After the 2000 election, when the spoils of victory were being

divided up, Abramoff got himself named to the Bush transition team for

the Interior Department. He wanted to make sure the right people wound

up overseeing his clients in the Marianas. He enlisted Ralph Reed, who

said he would raise the matter with Rove, to stop at least one

appointment to Interior that might prove troublesome. It was about

this time that Reed wrote an email to Enron's top lobbyist touting his

pal Abramoff as " arguably the most influential and effective GOP

lobbyist in Congress. I share several clients with him and have yet to

see him lose a battle. He also is very close to DeLay and could help

enormously on that front. raised $ for bushŠ[sic] "

 

For his services to the Marianas Jack Abramoff was paid nearly $10

million dollars, including the fees he charged for booking his guests

on the golf courses and providing them copies of Newt Gingrich's book

 

To this day, workers on the Marianas are still denied the federal

minimum wage while working long hours for subsistence income in their

little " petri dish of capitalism " - " America at its best. "

 

There are no victimless crimes in politics. The cost of corruption

is passed on to the people. When the government of the United States

falls under the thumb of the powerful and privileged, regular folks

get squashed.

 

We are dealing here with a vision sharply at odds with the

majority of Americans. These are people who want to arrange the world

for the convenience of themselves and the multinational corporations

that pay for their elections. With their fundamentalist medicine men

twirling the bullroarers in the woods, they would turn America into

their petri dish - a replica of the Marianas, many times magnified: A

society " run by the powerful, oblivious to the weak, free of

accountability, enjoying a cozy relationship with government, thriving

on crony capitalism, " in the words of Al Meyeroff, who led a

class-action suit in behalf of the worker on the Marianas and learned

what they were up against. Let this, too, sink in: If the corporate,

political, and religious right have their way, we will go back to the

first Gilded Age, when privilege controlled politics, votes were

purchased, legislatures were bribed, bills were bought, and laws

flagrantly disregarded - all as God's will.

 

So, my friends at Wake Forest, there is work to do.

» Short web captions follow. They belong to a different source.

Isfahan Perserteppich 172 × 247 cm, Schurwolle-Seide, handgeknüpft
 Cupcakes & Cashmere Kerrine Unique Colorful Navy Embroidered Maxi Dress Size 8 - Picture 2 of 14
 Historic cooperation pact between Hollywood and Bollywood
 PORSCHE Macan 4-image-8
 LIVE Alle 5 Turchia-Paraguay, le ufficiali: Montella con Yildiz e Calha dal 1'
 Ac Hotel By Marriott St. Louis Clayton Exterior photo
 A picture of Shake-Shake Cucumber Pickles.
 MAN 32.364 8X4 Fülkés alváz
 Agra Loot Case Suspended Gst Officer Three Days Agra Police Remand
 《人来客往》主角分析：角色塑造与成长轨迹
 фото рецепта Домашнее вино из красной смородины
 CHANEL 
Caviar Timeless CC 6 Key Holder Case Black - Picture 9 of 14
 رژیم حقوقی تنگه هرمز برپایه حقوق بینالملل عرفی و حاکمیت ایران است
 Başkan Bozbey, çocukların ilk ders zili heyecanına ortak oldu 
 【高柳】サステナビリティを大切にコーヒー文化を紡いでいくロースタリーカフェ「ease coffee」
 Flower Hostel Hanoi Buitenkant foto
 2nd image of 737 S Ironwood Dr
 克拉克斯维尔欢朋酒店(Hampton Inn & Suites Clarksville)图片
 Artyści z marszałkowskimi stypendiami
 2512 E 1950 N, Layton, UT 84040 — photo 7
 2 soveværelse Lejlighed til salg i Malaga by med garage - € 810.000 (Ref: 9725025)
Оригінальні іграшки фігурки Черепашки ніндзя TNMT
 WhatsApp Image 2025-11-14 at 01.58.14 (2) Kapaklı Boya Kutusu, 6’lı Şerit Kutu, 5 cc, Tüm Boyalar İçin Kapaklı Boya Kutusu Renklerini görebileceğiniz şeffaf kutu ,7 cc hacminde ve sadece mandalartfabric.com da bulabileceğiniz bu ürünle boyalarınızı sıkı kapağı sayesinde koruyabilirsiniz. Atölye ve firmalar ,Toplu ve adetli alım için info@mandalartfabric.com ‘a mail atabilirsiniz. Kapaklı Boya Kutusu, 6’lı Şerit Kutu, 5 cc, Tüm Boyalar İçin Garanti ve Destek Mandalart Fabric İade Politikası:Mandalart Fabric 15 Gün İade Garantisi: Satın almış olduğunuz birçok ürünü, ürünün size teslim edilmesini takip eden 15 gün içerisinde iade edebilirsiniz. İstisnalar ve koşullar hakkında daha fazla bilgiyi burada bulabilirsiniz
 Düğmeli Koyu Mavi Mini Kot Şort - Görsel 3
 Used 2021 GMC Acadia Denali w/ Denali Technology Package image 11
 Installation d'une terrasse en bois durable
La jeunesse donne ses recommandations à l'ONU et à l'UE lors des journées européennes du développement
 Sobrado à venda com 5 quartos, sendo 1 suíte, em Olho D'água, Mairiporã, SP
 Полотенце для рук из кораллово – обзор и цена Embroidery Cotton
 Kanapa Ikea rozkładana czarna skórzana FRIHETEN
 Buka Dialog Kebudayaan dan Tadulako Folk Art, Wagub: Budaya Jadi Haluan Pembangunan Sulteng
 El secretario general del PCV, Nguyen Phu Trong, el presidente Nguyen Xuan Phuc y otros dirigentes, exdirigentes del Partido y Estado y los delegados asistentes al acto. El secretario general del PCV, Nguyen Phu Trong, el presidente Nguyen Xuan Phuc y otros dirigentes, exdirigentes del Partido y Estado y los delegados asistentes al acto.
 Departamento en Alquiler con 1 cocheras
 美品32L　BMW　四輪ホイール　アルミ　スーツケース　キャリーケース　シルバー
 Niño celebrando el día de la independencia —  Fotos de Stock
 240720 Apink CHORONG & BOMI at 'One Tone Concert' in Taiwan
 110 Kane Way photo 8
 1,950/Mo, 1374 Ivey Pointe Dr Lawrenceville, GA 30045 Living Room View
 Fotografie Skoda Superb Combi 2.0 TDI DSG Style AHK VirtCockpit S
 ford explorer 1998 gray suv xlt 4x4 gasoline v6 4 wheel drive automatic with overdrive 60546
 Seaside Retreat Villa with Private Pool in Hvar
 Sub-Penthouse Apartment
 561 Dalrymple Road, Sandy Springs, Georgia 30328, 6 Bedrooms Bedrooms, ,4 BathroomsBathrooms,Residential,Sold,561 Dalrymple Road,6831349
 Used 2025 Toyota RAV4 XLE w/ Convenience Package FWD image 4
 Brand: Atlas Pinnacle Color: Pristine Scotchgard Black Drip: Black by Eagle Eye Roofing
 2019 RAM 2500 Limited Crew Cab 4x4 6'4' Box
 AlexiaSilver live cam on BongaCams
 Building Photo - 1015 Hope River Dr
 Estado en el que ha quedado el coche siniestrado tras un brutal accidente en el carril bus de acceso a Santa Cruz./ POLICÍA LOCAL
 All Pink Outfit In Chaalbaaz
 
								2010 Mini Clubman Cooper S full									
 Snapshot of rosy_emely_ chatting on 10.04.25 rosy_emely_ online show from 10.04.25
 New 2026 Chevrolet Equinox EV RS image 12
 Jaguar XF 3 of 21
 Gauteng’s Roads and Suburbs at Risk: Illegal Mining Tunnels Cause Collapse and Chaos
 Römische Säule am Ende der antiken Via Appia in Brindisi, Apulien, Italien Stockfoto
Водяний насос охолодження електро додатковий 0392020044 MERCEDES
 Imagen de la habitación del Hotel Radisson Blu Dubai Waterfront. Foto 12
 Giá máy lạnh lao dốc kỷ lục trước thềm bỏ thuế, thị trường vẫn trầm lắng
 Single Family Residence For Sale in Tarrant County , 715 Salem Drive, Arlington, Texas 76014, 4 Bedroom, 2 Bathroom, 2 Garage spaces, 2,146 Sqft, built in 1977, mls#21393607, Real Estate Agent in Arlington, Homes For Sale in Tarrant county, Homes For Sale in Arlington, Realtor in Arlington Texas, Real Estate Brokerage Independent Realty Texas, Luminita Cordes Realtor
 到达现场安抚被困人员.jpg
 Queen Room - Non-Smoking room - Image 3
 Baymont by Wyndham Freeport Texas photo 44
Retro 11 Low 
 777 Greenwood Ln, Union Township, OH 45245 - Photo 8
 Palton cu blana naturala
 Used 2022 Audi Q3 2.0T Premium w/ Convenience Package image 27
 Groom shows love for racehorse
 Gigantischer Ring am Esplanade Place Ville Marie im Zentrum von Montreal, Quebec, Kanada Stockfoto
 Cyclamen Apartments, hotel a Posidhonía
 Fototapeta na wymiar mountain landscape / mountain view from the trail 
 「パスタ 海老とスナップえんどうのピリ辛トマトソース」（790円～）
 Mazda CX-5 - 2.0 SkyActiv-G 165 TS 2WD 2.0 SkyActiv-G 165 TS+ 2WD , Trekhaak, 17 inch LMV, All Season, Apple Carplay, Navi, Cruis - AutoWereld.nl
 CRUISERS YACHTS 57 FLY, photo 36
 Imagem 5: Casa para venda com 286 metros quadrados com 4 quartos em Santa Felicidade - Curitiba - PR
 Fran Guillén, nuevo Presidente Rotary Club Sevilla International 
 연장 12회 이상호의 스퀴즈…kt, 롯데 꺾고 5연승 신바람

These

charlatans and demagogues know that by controlling a society's most

emotionally-laden symbols, they can control America, too. They must be

challenged. Davidson Loehr reminds us that holding preachers and

politicians to a higher standard than they want to serve has marked

the entire history of both religion and politics. It is the conflict

between the religion of the priests - ancient and modern - and the

religion of the prophets.

 

It is the vast difference between the religion about Jesus and the

religion of Jesus.

 

Yes, the religion of Jesus. It was in the name of Jesus that a

Methodist ship caulker named Edward Rogers crusaded across New England

for an eight-hour work day. It was in the name of Jesus that Francis

William rose up against the sweatshop. It was in the name of Jesus

that Dorothy Day marched alongside auto workers in Michigan, brewery

workers in New York, and marble cutters in Vermont. It was in the name

of Jesus that E.B. McKinney and Owen Whitfield stood against a

Mississippi oligarchy that held sharecroppers in servitude. It was in

the name of Jesus that the young priest John Ryan - ten years before

the New Deal - crusaded for child labor laws, unemployment insurance,

a minimum wage, and decent housing for the poor. And it was in the

name of Jesus that Martin Luther King Jr. went to Memphis to march

with sanitation workers who were asking only for a living wage.

 

This is the heresy of our time - to wrestle with the gods who

guard the boundaries of this great nation's promise, and to confront

the medicine men in the woods, twirling their bullroarers to keep us

in fear and trembling. For the greatest heretic of all is Jesus of

Nazareth, who drove the money changers from the temple in Jerusalem as

we must now drive the money changers from the temples of democracy.